Earlier this month, the Pennsylvania Commonwealth Court directed the Lancaster Court of Common Pleas to evaluate constitutional claims made against Pennsylvania labor laws that now conflict with federal law. A Lancaster judge had previously ruled that a lawsuit against the Pennsylvania State Education Association was moot after the union agreed to stop collecting fees from nonmembers.

“The courts want this issue of fair share fees settled,” Klunk said. “But we can do this much quicker legislatively, and we can do it in a matter of two to three weeks. I’d say we have all the more reason to do it now that this case has been kicked back to the Lancaster court. These cases are going to continue to play out until there’s some kind of finality. My bill strikes fair share fees from the books so they cannot be included in future contracts. We can end the confusion.”

The PSEA, the largest public employee union in the state, and its affiliates have inserted fee provisions into at least 20 collective bargaining agreements signed since the Janus decision, according to the Fairness Center, a nonprofit public interest law firm based in Harrisburg.

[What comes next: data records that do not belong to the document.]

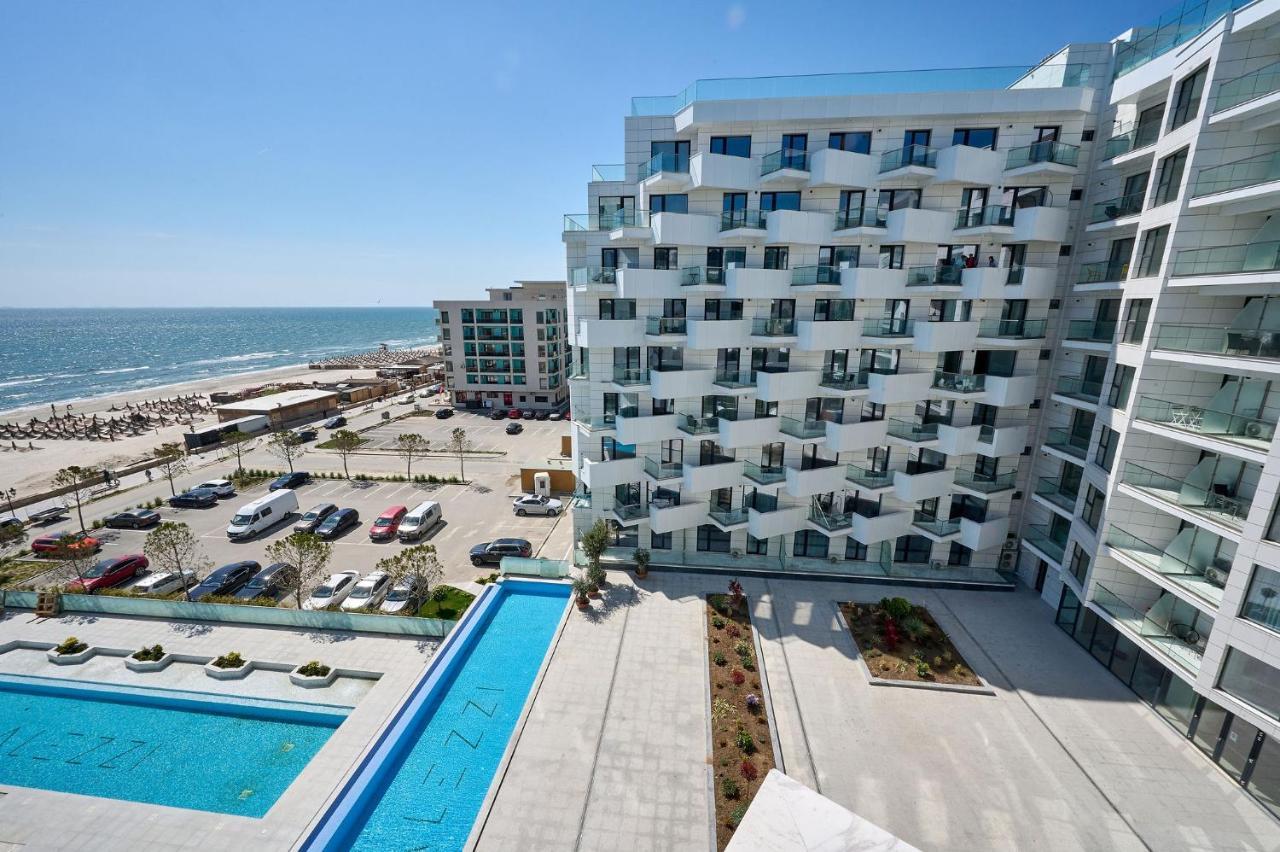 Sea La Vie Apt 240 In Infinity Beach Resort - Parking Mamaia Exterior foto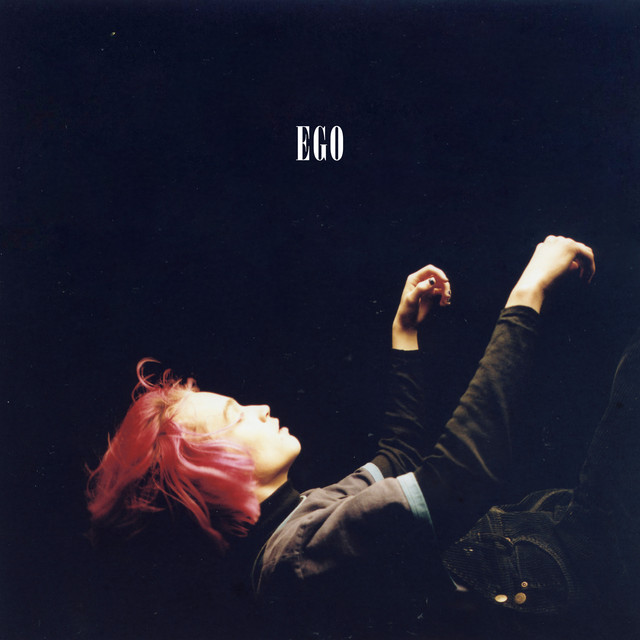 Ego cover art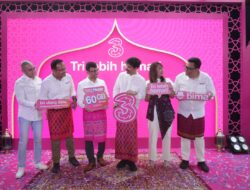 Sedekah Kuota Tri: Berbagi Internet, Tebar Kebaikan Ramadan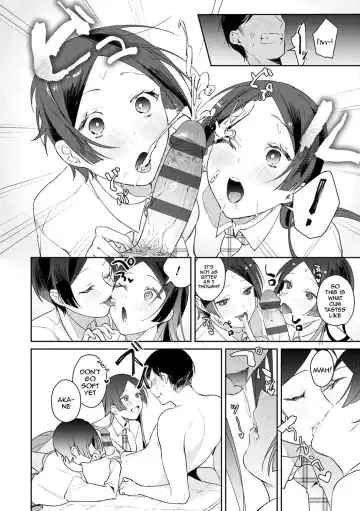 [Panchira Steak] Yuwaku Mille-Feuille | Seduction Mille-Feuille Fhentai.net - Page 83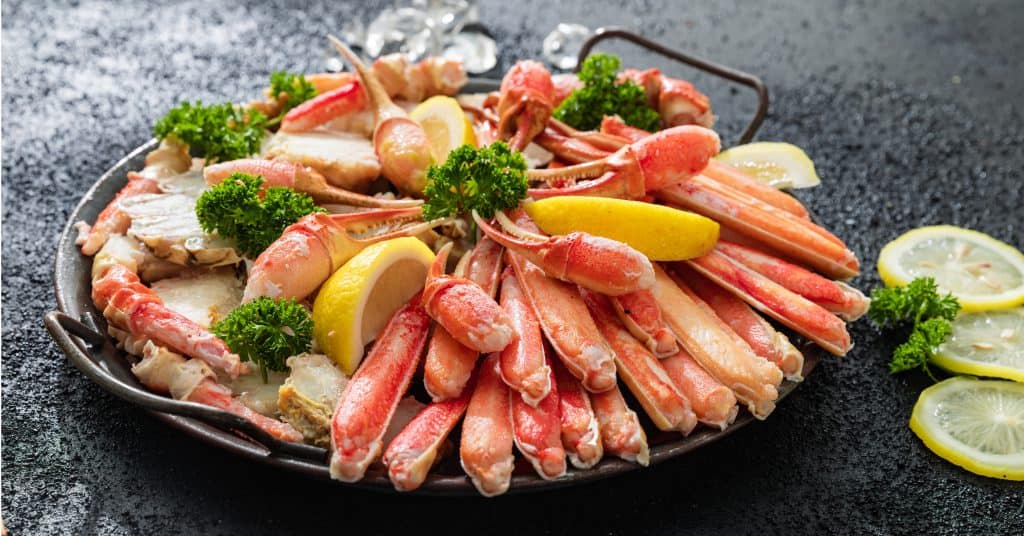 Ăn hải sản không tiêu - nguyên nhân và cách xử lý hiệu quả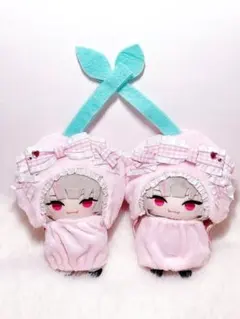 さくらしめじ ぬいぐるみ - メルカリ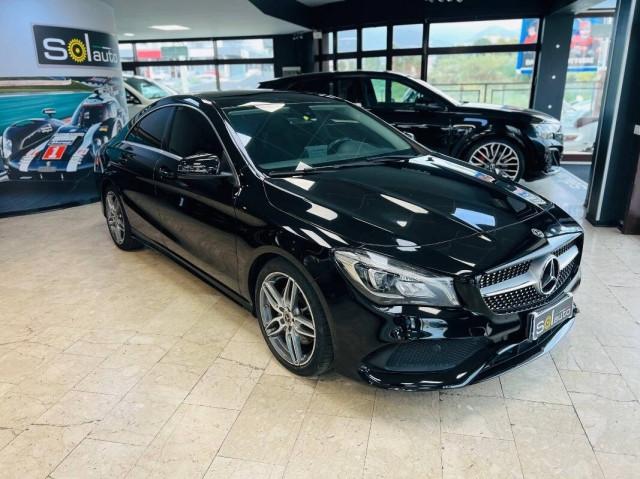 Mercedes Classe CLA 220 d Premium auto FL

“The Supreme Court made clear in 2018 that public employee unions cannot force nonmembers to pay a union,” Nathan McGrath, president of the Fairness Center, said in a press statement. “But Pennsylvania law still says unions can do just that. And almost four years after Janus, PSEA and its affiliates have continued to write illegal fair share fee provisions into teachers’ collective bargaining agreements. Our clients want to force PSEA to respect the Supreme Court ruling.”

The Fairness Center represents retired Chester County teacher Jane Ladley and Lancaster County teacher Chris Meier in litigation they filed against the PSEA more than seven years ago. Both teachers raised religious objections toward paying the union. They also both had a right to send their fees to a charity rather than a union. But the PSEA rejected their charities of choice. After the Janus ruling, the union agreed to return the money to the teachers. But Ladley and Meier continue to seek definitive court action that would strike down the fair share fee law. The Lancaster court could potentially deliver that ruling.

On Tuesday, Klunk’s bill was among four of the labor reform bills the committee approved, which means they are all eligible for a full vote in the House. One of the other bills (HB 844) would protect the privacy of public employees so their personal information like their Social Security numbers, addresses, and phone numbers cannot be shared in the collective bargaining process. Another bill (HB 845) calls for greater transparency in the collective bargaining process while another (HB 2048), known as paycheck protection, prevents public employers from deducting political action committee (PAC) contributions from public employees’ wages using public payroll systems.

Nathan Benefield, senior vice president of the Commonwealth Foundation, offered the following comments:

“Pennsylvania should not have unconstitutional laws on its books. Nor should we use taxpayer-funded payroll systems to collect campaign cash. Correcting these problems will empower public employees and help ensure fairness in government. It’s encouraging to see House lawmakers moving to protect employees’ private data and shine the light of transparency on deals that cost taxpayers millions of dollars.”